While a tangible recovery would be very helpful for underlying fundamentals, it would cause interest rates to rise. It’s easy to connect the dots between our extraordinarily low interest rate environment and the tremendous recovery seen in commercial property values. On the flip side, while a recovery similar to the proverbial “pushing on a string” doesn’t do much for the economy, it does keep interest rates low, further encouraging market participants to, well, participate.

SEE ALSO: Just $5.4B in U.S. Office Real Estate Sales in Q1: Report

I know you are probably saying, “Interest rates again? Come on, Knakal, come up with a new topic.” The fact is that the extent to which rates rise and how quickly they accelerate will have a more profound impact on our capital markets than any other metric, so, yes, it is tremendously important to focus on what happens with rates. The volume of activity in the building sales market and our mortgage markets is highly correlated to the interest rate environment.

Last Friday, the Department of Labor announced that 195,000 jobs were added in June. Normally, I wouldn’t put too much stock in the April, May and June numbers, because the birth/death rate model that DOL uses makes the assumption that a lot of new jobs are created by new companies that are formed during these months, which it has no way of proving. However, DOL revised its April and May figures by a total of 70,000 more jobs than it had announced. This would appear to be a positive sign for the job market and the economy. At least this is how the marketplace is interpreting the way the Fed will interpret this data.
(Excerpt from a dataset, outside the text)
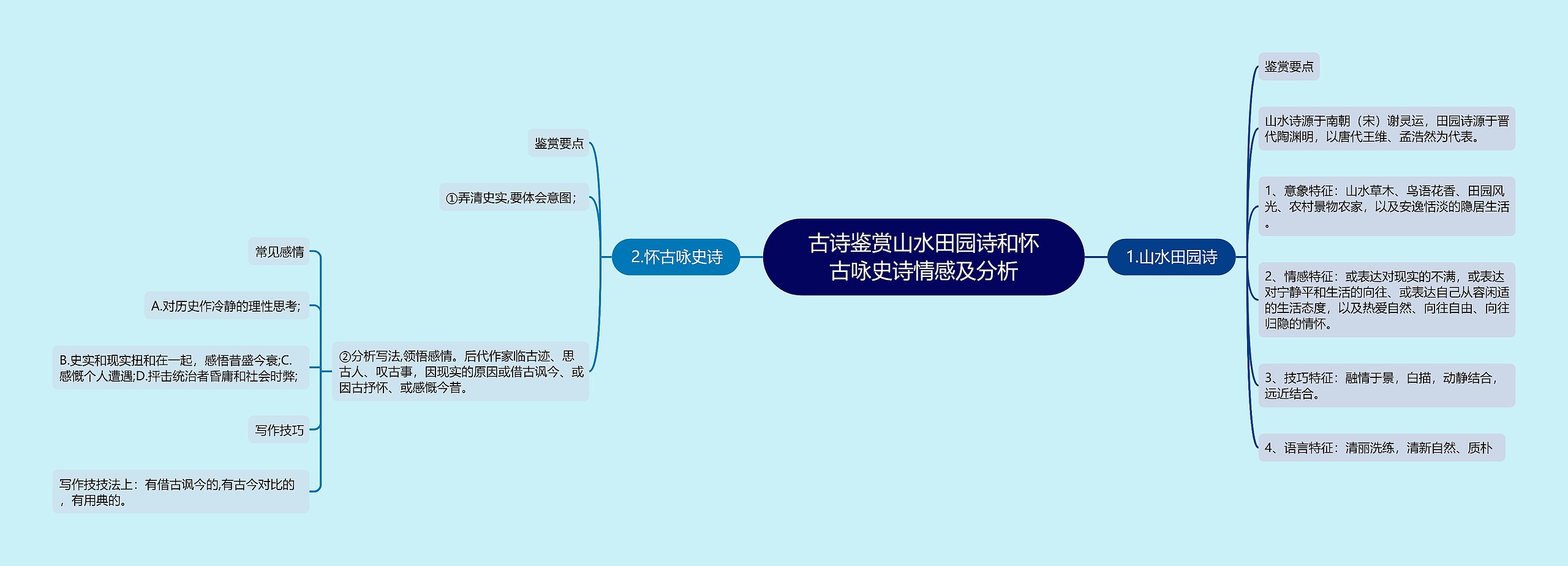 古诗鉴赏山水田园诗和怀古咏史诗情感及分析思维导图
The market reacted quickly to this news. Within eight minutes of the report being made public, the yield on the 10-year Treasury (a key metric for commercial real estate) rose by 10 basis points, and later in the trading session it reached 2.718 percent, the highest it has been since August of 2011. Rates on 30-year residential home mortgages, which were below 3.5 percent in April, rose to 4.29 percent last Friday. Fortunately, commercial mortgage rates did not react the same way and will probably remain at modest levels for now, given their relatively short-term nature.

If we peel away the layers of the report, however, things don’t look quite so rosy. While almost 200,000 jobs were created, the unemployment rate remained at 7.6 percent. This was due to more folks coming back into the labor market, which drove the participation rate up slightly from 63.3 percent to 63.4 percent, offsetting the job gains. And looking closely at this year’s figures shows that just 19 percent of all jobs added were full-time positions. The balance were part-time positions or positions with temp agencies.

So today in the U.S., we have about 12 million Americans who are “officially” unemployed. They are joined by eight million people working part-time jobs who would rather be working full-time and 2.7 million people working temporary jobs. If we take all of this data into consideration, the underemployment rate (counting those who are not working the number of hours they would like to work) rose from 13.8 percent in May to 14.3 percent in June.

While long-term rates go up, Fed chairman Bernanke continues to indicate that short-term rates won’t rise until the unemployment rate hits 6.5 percent, not projected until sometime in the second half of 2014.

With bond prices dropping (bond prices and rates move in opposite directions) and volatility driving bond investors crazy, approximately $60 billion came out of the market as investors withdrew funds from bond-focused mutual funds. It could be that some of this capital finds its way into the commercial real estate market as investors search for yield.

All in all, things are still positive from an interest rate perspective for commercial real estate. But if there is one metric for commercial real estate capital market participants to keep an eye on, interest rates should be near the top of the list.